The doctor cuts the layers deeper and deeper until there is a transparent layer, which means the cancer cells are gone from that area.
That process all happens in real-time, giving patients peace of mind after they complete the surgery.
“So with most surgical procedures, you are taking a margin of healthy tissue, healthy skin around the tumor. And that margin is something that we come to as a standard of care based on lots of studies, literature, our experience. And so this is not necessarily an arbitrary margin, but a standard margin that we take around the cancer,” explained Dr. Sumaira Aasi, professor of dermatology and director of Mohs and Dermatologic Surgery at Stanford, in a previous interview with SurvivorNet.
“And then that tumor is sent to a laboratory where it’s most often bread-loafed or sectioned. And the pathologist will look at various parts of this excised tumor and let the surgeon know whether they got it all out or not.”
That entire process is simplified and streamlined, however, for patients receiving Mohs surgery.
“With Mohs surgery, when we cut the tissue, we’re actually cutting it and looking at 100 percent of the margin. That really is what defines Mohs surgery from other excisional or tumor extirpation procedures,” said Dr.
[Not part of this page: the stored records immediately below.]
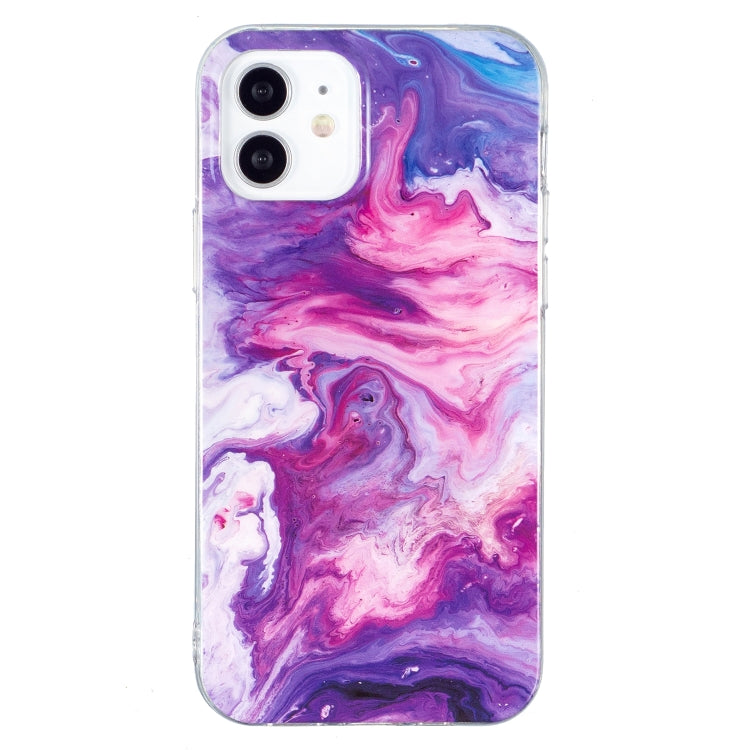 IMD Marble Pattern TPU Phone Case, For iPhone 12 mini, For iPhone 12 / 12 Pro, For iPhone 12 Pro Max, For iPhone 11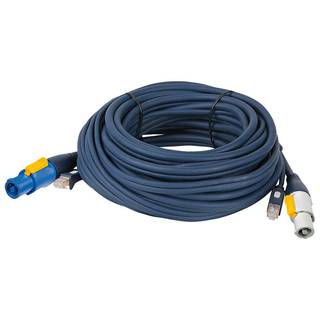 DAP Powercon & Ethercon kabel 6m
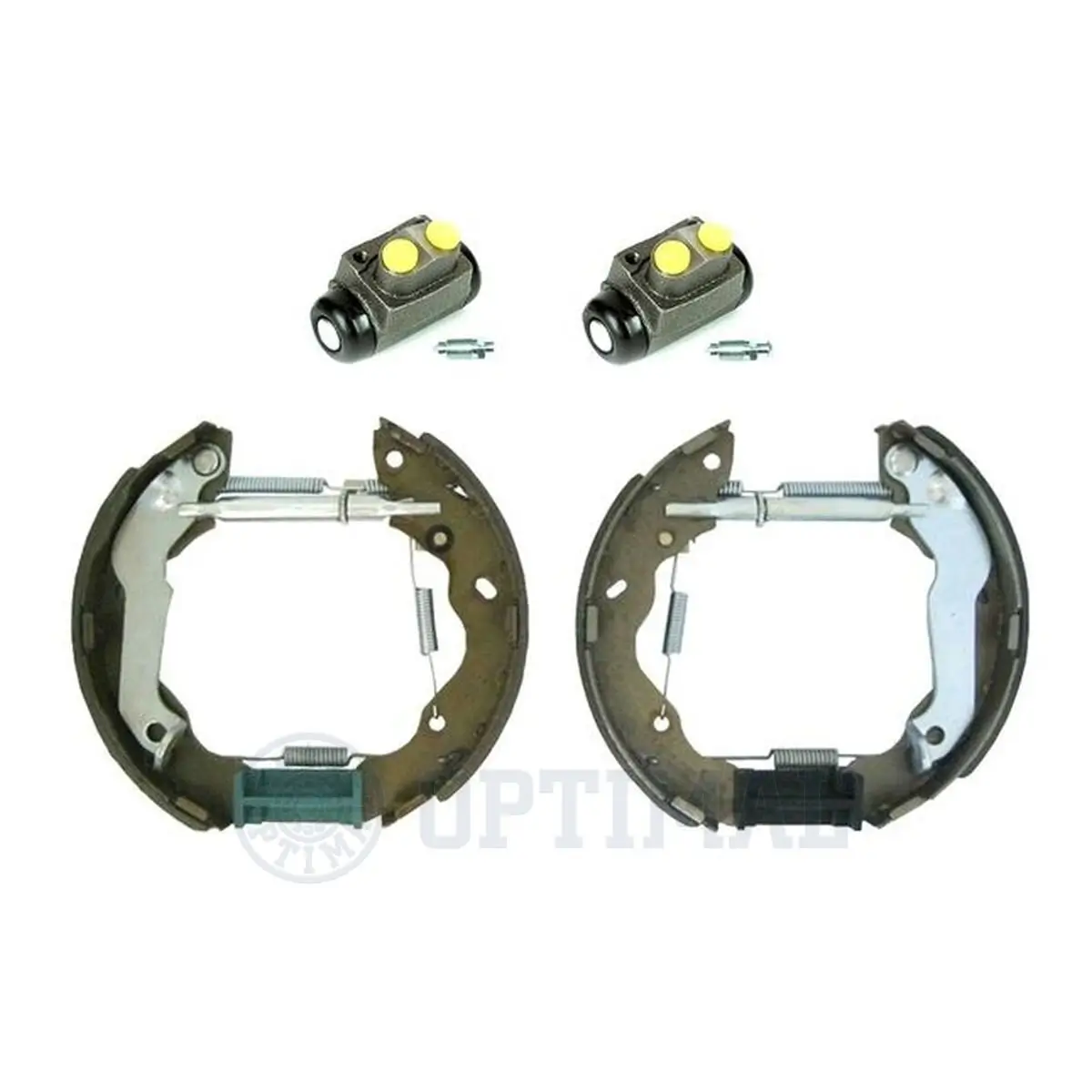 Bremsbackensatz Hinterachse OPTIMAL OP-BSK00125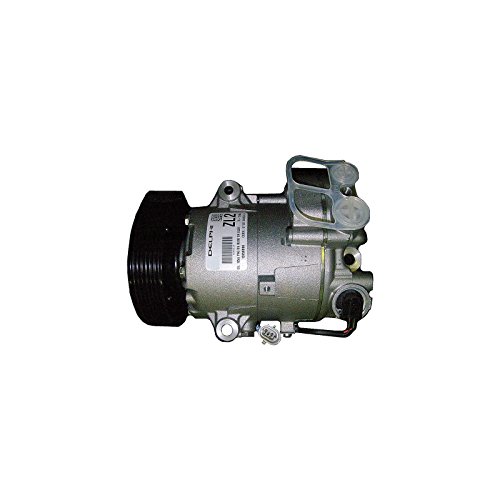 DELPHI A/C Kompressor für Klimaanlage Klimakompressor mit ID: 6CVC PAG 46 mit 120mm Riemenscheibe für OPEL Astra J Sports Tourer (P10) TSP0155966
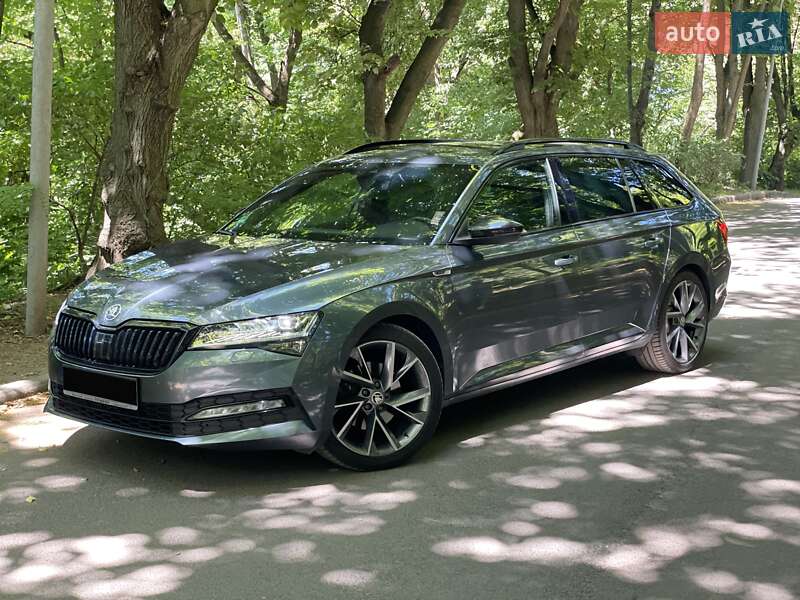 Skoda Superb 2020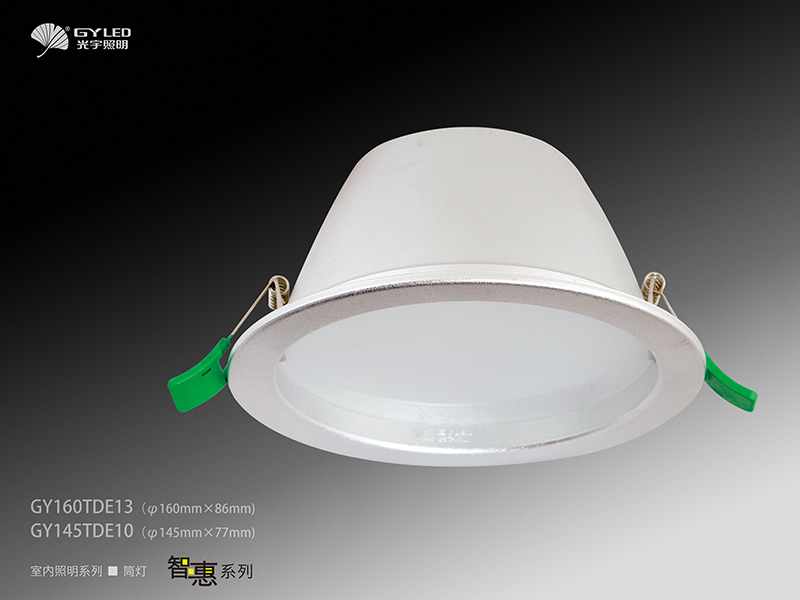 13w led Indoor Down Light with CE & RoHS (GY160TDE13/220AC)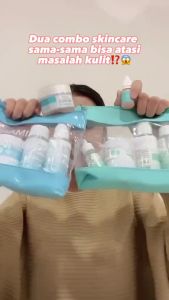ANIMATE Intense Acne Solution Series 5in1 | Paket Skincare Perawatan Jerawat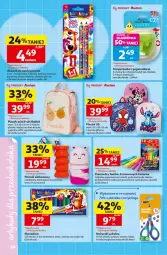 Gazetka promocyjna Auchan - Szkoła Hipermarket - Gazetka - ważna od 26.08 do 26.08.2026 - strona 24 - produkty: Piec, Teleskop, Noż, Mus, Gra, Nożyczki, Flamastry, Piórnik, Pojemnik, Plecak, Plastelina, Dzieci
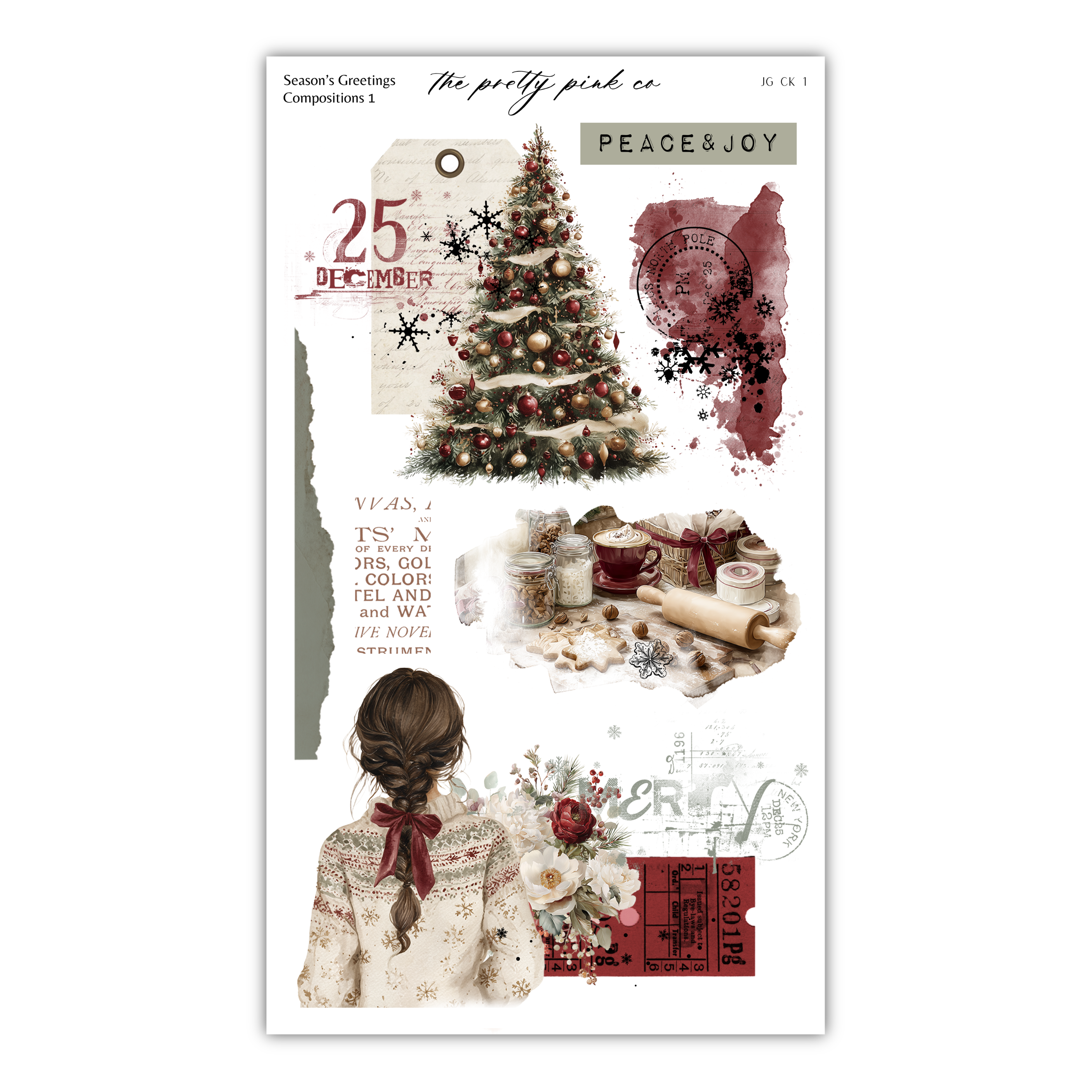 Season's Greetings | Creative Kit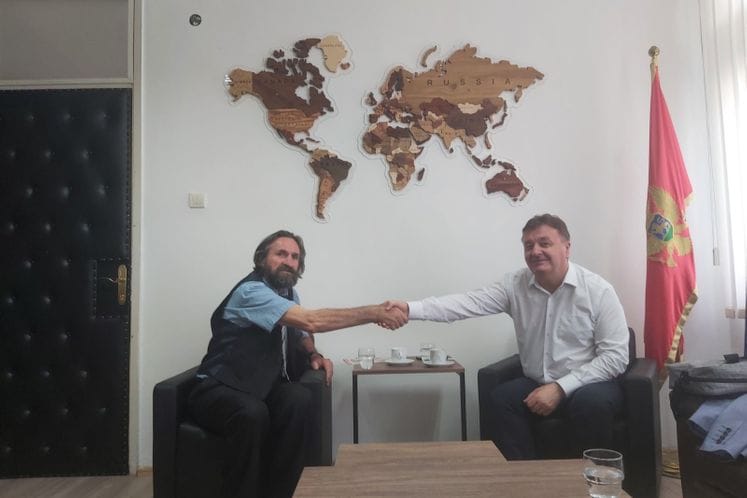 Narodni poslanik Budimir Aleksić posjetio Upravu za saradnju sa dijasporom-iseljenicima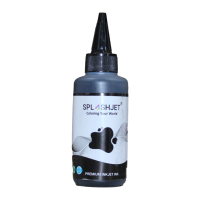 100ml Black Pigment Archival Ink, for Epson Printers using Pigment Ink, Splashjet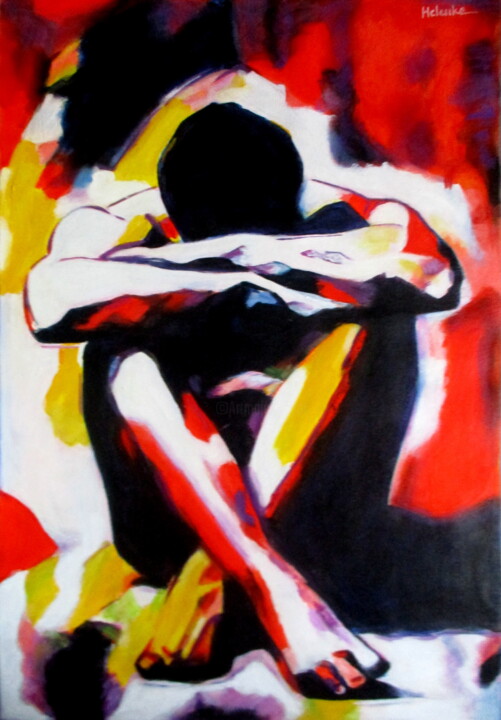 "Kept Within" 绘画, 28x18.9 in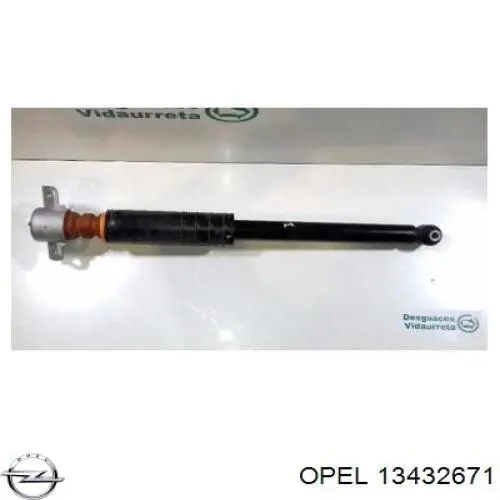 13432671 Opel Амортизатори задні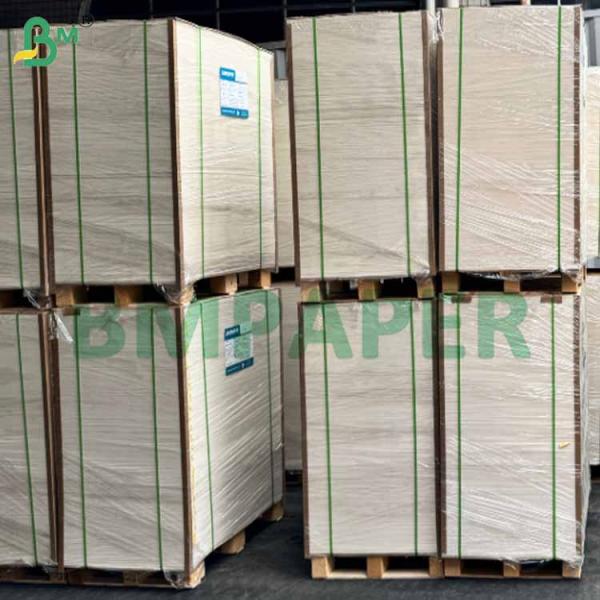 Heat - Resistant Cup Board Material PE Coated One Side White Color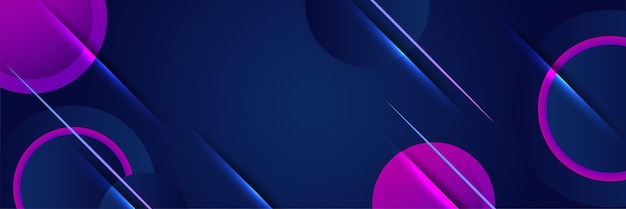 Nowoczesny streszczenie ciemnoniebieski transparent tło wektor ilustracja szablon z wzorem projekt dla technologii biznesu instytucji korporacyjnej strony świąteczne seminarium i rozmowy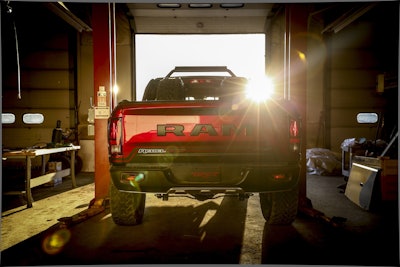 Ram Rebel TRX Concept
Asai.
Kayla Robinson discovered her cancer by doing a self-check.
She will continue to do them because she knows better than anyone now that finding skin cancer early can save a person’s life.
Asymmetrical moles: if you drew a line straight down the center of the mole, would the sides match?
Borders: irregular, jagged, not smooth; can also stand for bleeding
Colors: multiple distinct colors in the mole
Diameter: larger than 6mm, about the size of a pencil head eraser
Evolution: This may be the most important thing that changes over time, such as gaining color, losing color, pain, itching, hurting, changing shape, etc.